My parents taught me to believe in Jesus and Saint Germain and Reincarnation. I was also raised a Lacto-Ovo Vegetarian in the 1950s which was kind of strange even for Los Angeles where we lived from 1954 until I was 21 in 1969 when I moved first to the Hollywood Hills where my Aunt who was an Actress lived in a house with a pool (the pool was why I lived there for awhile). However, I soon moved to Venice Beach because I got a job there. In 1969 I was 21 years old. Eventually I realized Venice was too crazy for me to stay there and moved back in with my parents and went to college 2 more years and studied Psychology, Philosphy and Cultural Anthropology. In college in San Diego County I realized studying Cultural Anthropology that I was a natural Shaman when I read about what a Shaman was in one of the textbooks for my Class. The definition was something like this: "A Shaman is someone who has psychologically died but their body lives on anyway. Because of psychologically dying they live in both the world of the living and the world of the dead at the same time. And because of this they can often facilitate healings of various kinds in people.

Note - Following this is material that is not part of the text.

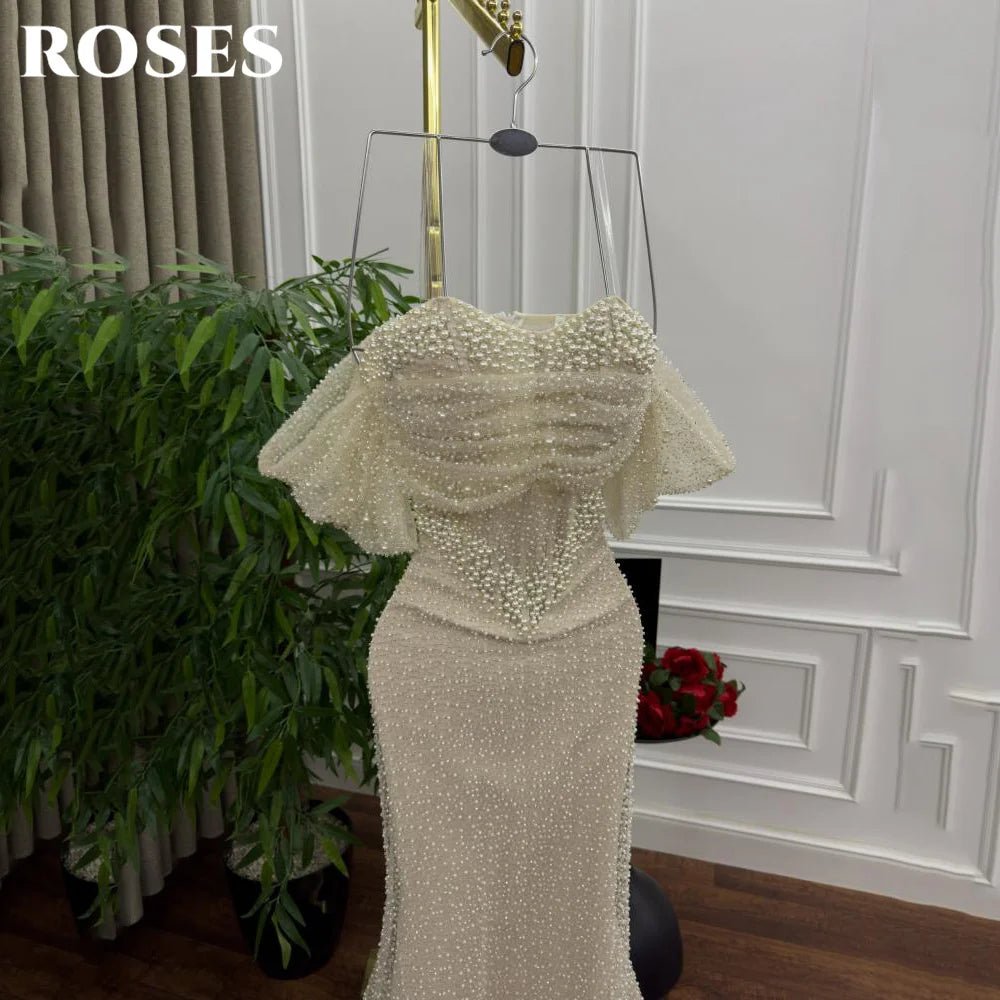 Beaded evening gown on a mannequin against a decorative wall with plants.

I find that people who are doctors and nurses and ministers and counselors often are Natural Shamans both male and female and because of this are better at healing people simply because they live in both the world of the living and the world of the dead at the same time.

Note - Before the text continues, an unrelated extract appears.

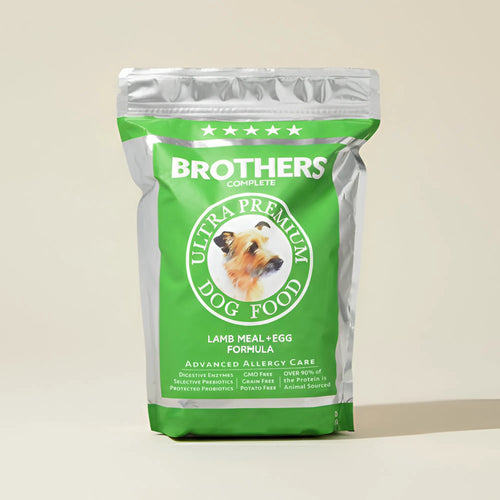Green bag of Brothers Complete Ultra Premium Dog Food on a beige background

Is it good to be a shaman? It can be many different things to different people. However, by the time I was 30 to 35, I realized that God had made me a shaman so I could help people and help heal people.
By God's Grace
So, writing about Time travel is really an extension of growing up and remembering many lifetimes from the time of Jesus, to Saint Francis of Asisi to Milarepa in Tibet etc.

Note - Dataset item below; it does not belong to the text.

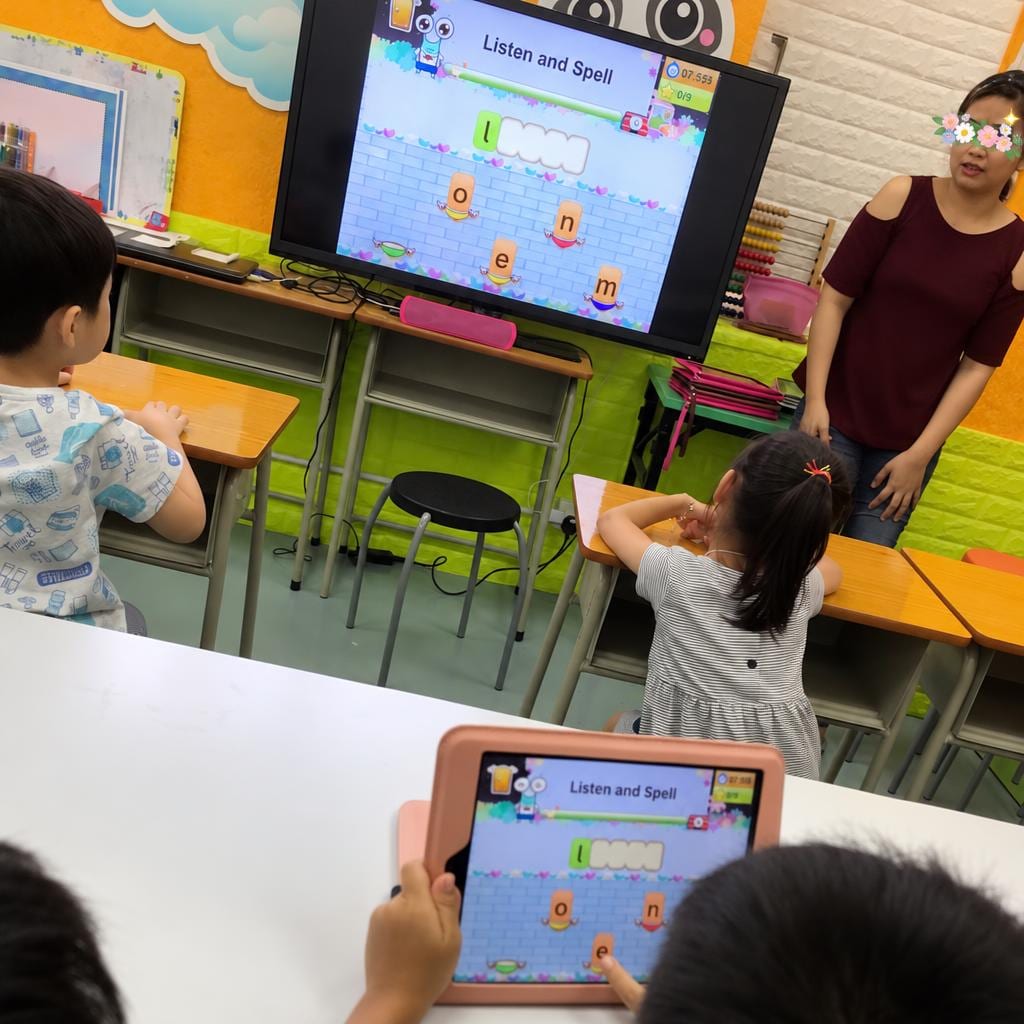 A tutor leads a 'Listen and Spell' activity on the interactive whiteboard while students follow along on a tablet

For example, when I went to England for the first time in 1999 with my then 10 year old daughter and walked through the Tower of London I remembered being a soldier (an officer there) and the feeling I didn't like because I didn't have the freedom of thought or actions that I do now here in the U.S. This lifetime was likely around the time of Queen Elizabeth or right after then. But, just walking through the "Tower of London" I could remember being there over 500 years ago and it was a very strange feeling to experience what I once had experienced there before. Nothing was like people imagine it to be then it was an entirely different experience than anything people are experiencing now.
Unless you actually lived then you couldn't really know how bad it was compared to now.
However, even then life was usually much better in someplace like England then than it was in most of the rest of the world too. So, everything is relative.
It's sort of like now people have the wrong idea about what the 1950s and 1960s were like because what they believe was happening then wasn't at all what people mostly were experiencing then.
And it's not just that home computers (apple and PCS) didn't exist, neither did the internet, neither did streaming, neither did cable TV that much until the mid 1960s even in places like Palm Springs. For example, there was no cable that I knew of in the 1950s at all in Los Angeles. we had only 13 channels to watch and all but 3 were local and only ABC, CBS and NBC were national stations then where you all got the same programs at night. Also, no cell phones and phone calls on land lines were still very expensive if you called out of the city you were in like I lived in Glendale mostly from 1956 until 1969.